Life with a handicap can be tough. Being able to use a motor vehicle is a luxury and something we should be very grateful for. Some people become handicapped or are born with a handicap and because of their disadvantage, are unable to operate a motor vehicle. On the other hand, those with more minor injuries can operate a motor vehicle; however, they have to pass an OT driving assessment. So, if you are someone who is disadvantaged by some form of a handicap or are looking for guidance for someone else, make sure you read through this checklist before you get involved in an OT driving assessment.
What does an OT driving assessment consist of?
The tests consist of two core components: the first is called the off-road evaluation. This commences when a trained occupational therapist and assessor meets at the person’s home. The examiner will be looking for any medical conditions that may severely undermine the person’s capacity to use a car in a safe manner. This part of the exam takes place outside of the car and doesn’t take a whole lot of time.
Following the off-road part of the test, the second component of the OT driving assessment begins: the on-road component of the test. This will occur in the person’s local suburb or area, so don’t fret if you’re preparing for one yourself. You won’t have to navigate your vehicle on roads you are unfamiliar with. During this time, a qualified instructor is present as the person navigates their car.
Following the test, the person will receive their results. Unlike a conventional vehicle test, the person will not just be told if they passed or failed. Instead, their result will include important recommendations regarding how they performed and any modifications they need to make to their car.
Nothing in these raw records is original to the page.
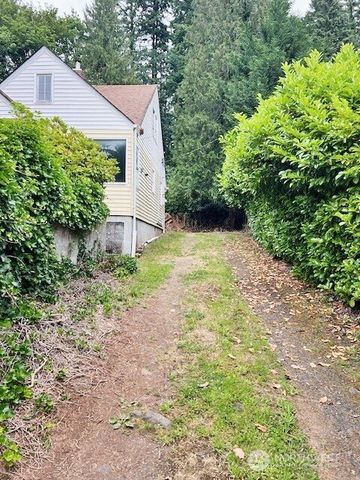 4140 Poplar Way, Longview, WA 98632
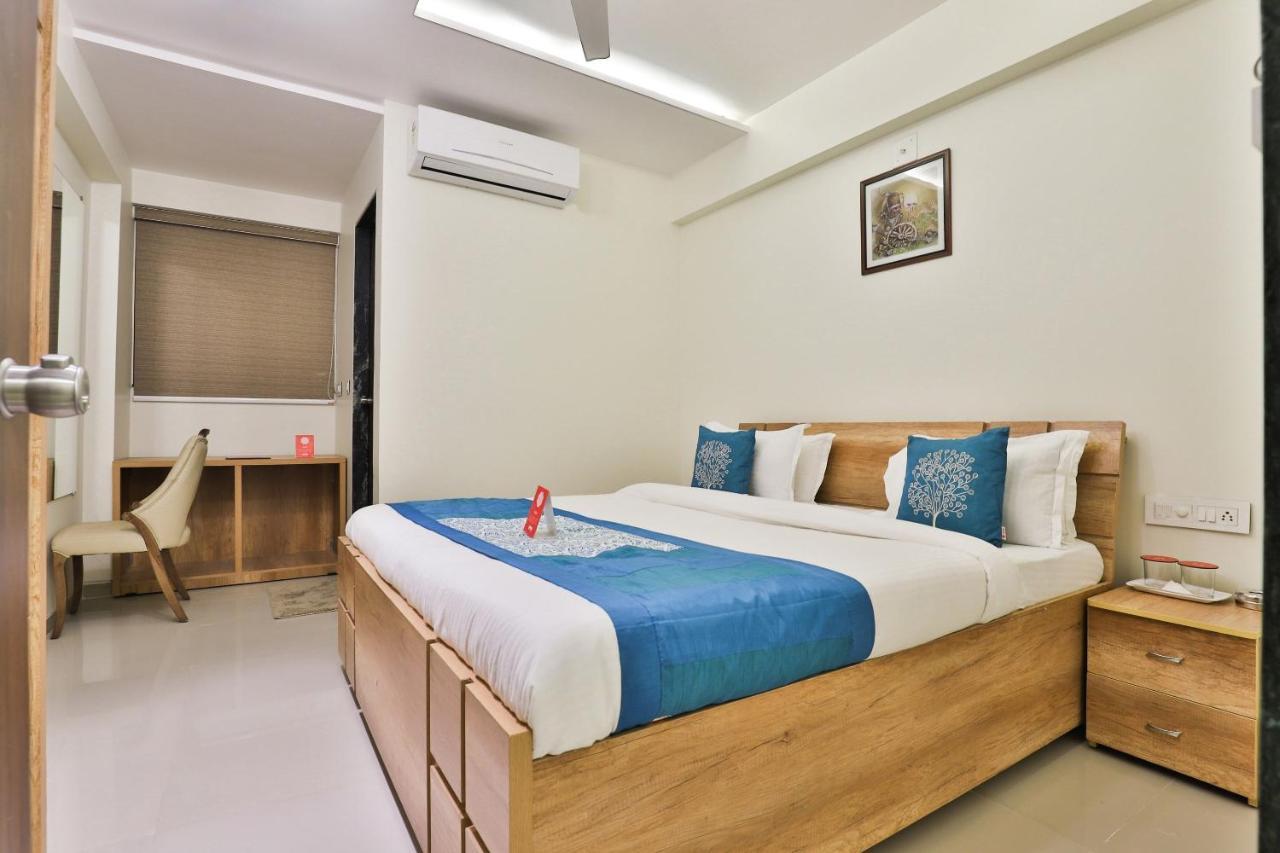Collection O 12462 Hotel Shiv Inn Gandhinagar Dış mekan fotoğraf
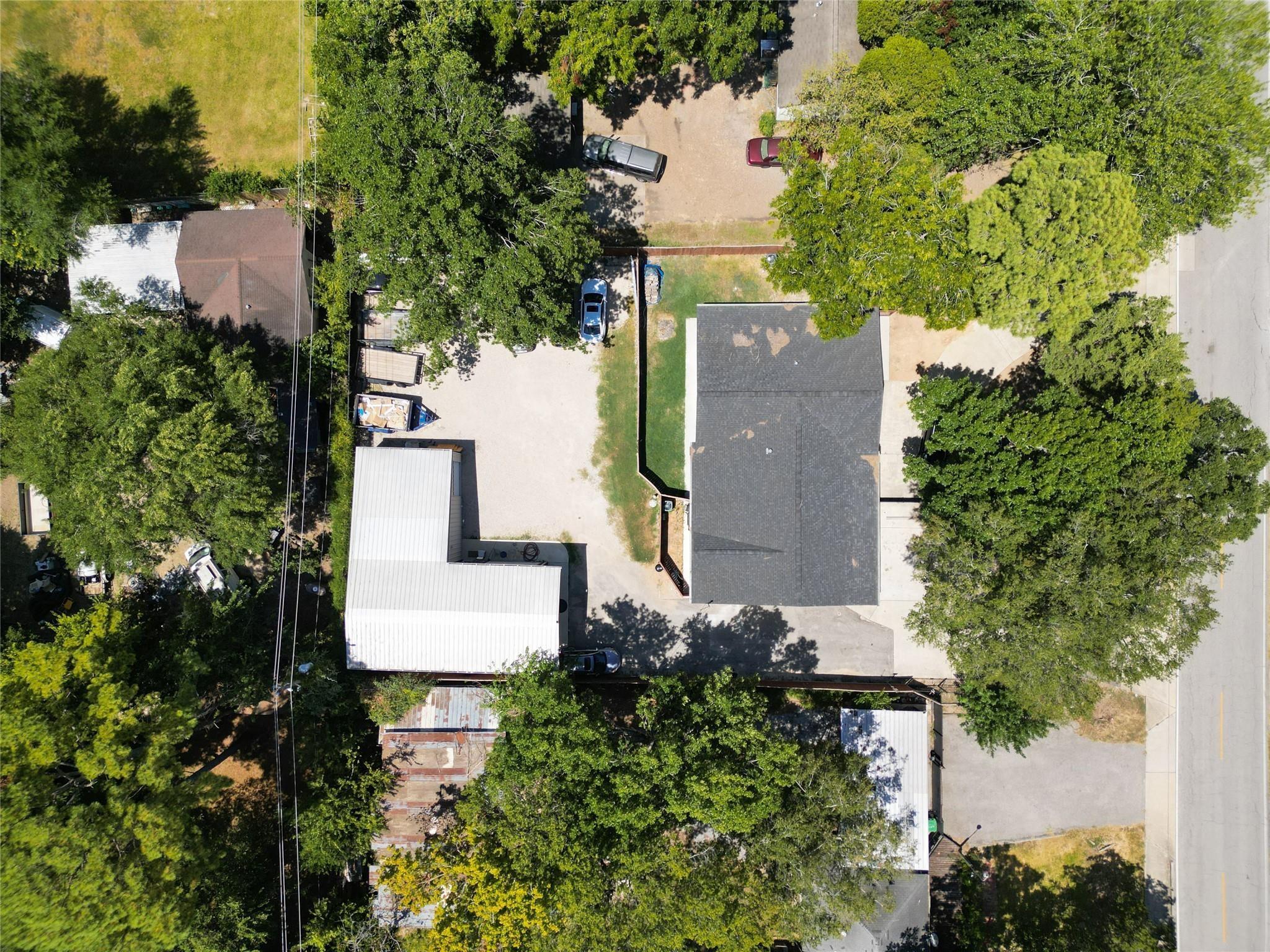 9305 Emnora Lane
This will include modifying the car so the handicapped person can operate it in a much safer manner. The results are sent to the individual and forwarded on to the RMS (Roads and Maritime Services).
Who must complete an OT driving assessment?
You will not have to complete a test if you suffer from only a minor condition. A minor condition is classed as an injury that does not undermine your faculty to operate a car. This includes a loss of up to three fingers on a single hand or loss of toes.
Conversely, a more serious handicap will likely require you to pass an OT driving assessment. If you are unable to use one or both of your legs/arms, you will need to pass the test. In this case, you will have to demonstrate to your instructor that you can operate your car using special aids fitted in your car. Examples include artificial limbs, a modified car seat or some form of steering wheel support. You might have to have special, elongated indicator switches if you can’t reach them in a conventional vehicle.
What is being examined?
Learning to operate a car is tough enough as it is without having a handicap. During an OT driving assessment, the RMS applies a series of important principles. Indeed, if you have an appliance or aid fixed to your car, it can’t distract or undermine you operating a car. If it’s too bulky, your assessor might ask you to have it refitted before you next hop in the vehicle.
You have to be able to demonstrate that you can effectively use any artificial limbs you may require. The brake and accelerator pads can be refitted and moved if required. If you only have the use of one arm, you are still able to pass your OT driving assessment, so long as you can reach all the important controls, without taking your hand off the steering wheel.